On the morning of 22 December, the ships had closed to about 520 miles northeast of Wake. Rough seas washed over the Saratoga’s plunging bow and greatly hindered the oiler’s efforts to refuel the destroyers. 6 F4Fs of VF-3 flew the early-morning combat air patrol (CAP). At 1021 hrs six other F4Fs took off to relieve them. Taking off into a stiff wind, the division climbed toward patrol altitude, but suddenly Lt.(jg) Victor M Gadrow, the skipper’s wingman, experienced engine trouble. The division leader, Lt Cdr John Thach, turned the lead over to another pilot and, to maintain radio silence, raced back to the Saratoga to give the emergency deferred forced landing signal (wheels up, tail hook down) to warm her that one of his planes needed to land back on board immediately. Gadrow followed in his failing Wildcat but barely got within a mile of the carrier before he stalled and went down. His F4F-3 Buno 3985 sank immediately in the turbulent seas. Racing to the scene, the destroyer Selfridge, acting as plane guard, found nothing.
Gadrow was VF-3’s first wartime loss. Although he graduated from Annapolis in 1935, he was a latecomer to aviation, having earned his wings in the spring of 1941. He had married only a few months before the war broke out.
Other Information
From researcher Kathy Franz:
Victor had just been advanced to engineering officer of VF-3 when he was killed. His brother Robert (‘37) was executive officer of the destroyer O’Brien when she was torpedoed (without personnel casualty) in September 1942. In 1918 in WWI, an older brother Alfred died in a flu epidemic while serving with the Navy at Newport.
Victor married Mary McMullen on August 28, 1941, in Seattle. They lived in Pasadena when he was called back to his ship two weeks later.
He was survived by his mother Hulda. His father was Levi Gadrow, a woolen weaver. They had at least eight children.
His wife was listed as next of kin.
Victor has a memory marker in Rhode Island, and he is also listed at the Courts of the Missing in Hawaii.
Related Articles
Harold Shrider ‘37 was lost the next day while flying from Saratoga.

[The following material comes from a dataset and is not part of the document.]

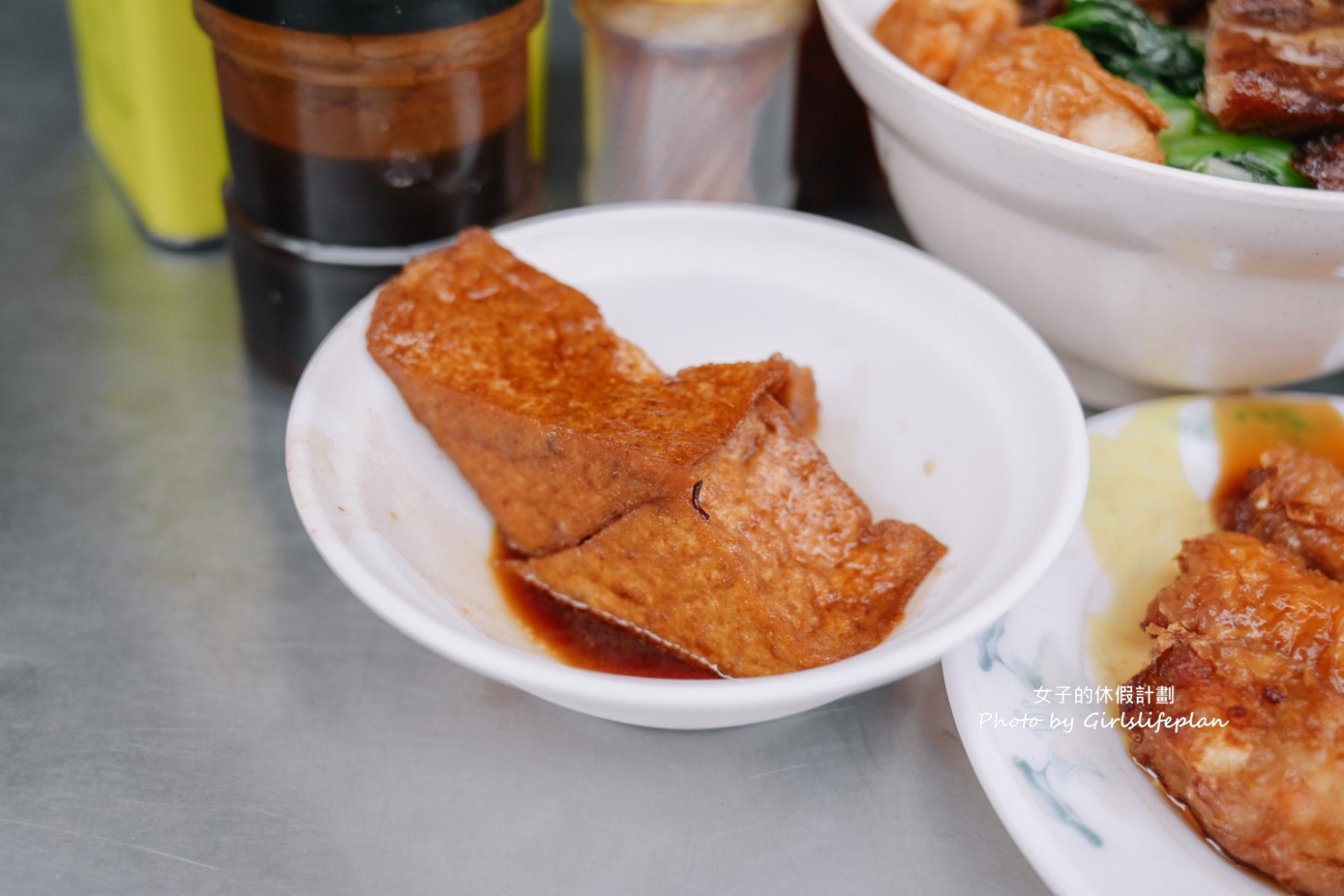 金仙魚丸｜台南風味台式小吃，蝦捲人氣必吃(菜單) @女子的休假計劃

Navy Directories & Officer Registers
The "Register of Commissioned and Warrant Officers of the United States Navy and Marine Corps" was published annually from 1815 through at least the 1970s; it provided rank, command or station, and occasionally billet until the beginning of World War II when command/station was no longer included. Scanned copies were reviewed and data entered from the mid-1840s through 1922, when more-frequent Navy Directories were available.
The Navy Directory was a publication that provided information on the command, billet, and rank of every active and retired naval officer. Single editions have been found online from January 1915 and March 1918, and then from three to six editions per year from 1923 through 1940; the final edition is from April 1941.
The entries in both series of documents are sometimes cryptic and confusing. They are often inconsistent, even within an edition, with the name of commands; this is especially true for aviation squadrons in the 1920s and early 1930s.
Alumni listed at the same command may or may not have had significant interactions; they could have shared a stateroom or workspace, stood many hours of watch together, or, especially at the larger commands, they might not have known each other at all. The information provides the opportunity to draw connections that are otherwise invisible, though, and gives a fuller view of the professional experiences of these alumni in Memorial Hall.
October 1935
January 1936
April 1936
July 1936
January 1937
April 1937
September 1937
January 1938
July 1938
January 1939
October 1939
June 1940
November 1940
April 1941
Memorial Hall Error?
Victor is not listed on the killed in action panel in the front of Memorial Hall. While not an obvious error, inclusion on the panel for crashes like this (incidental to combat flights) has been inconsistent across WWII, the Korean War, and the Vietnam War.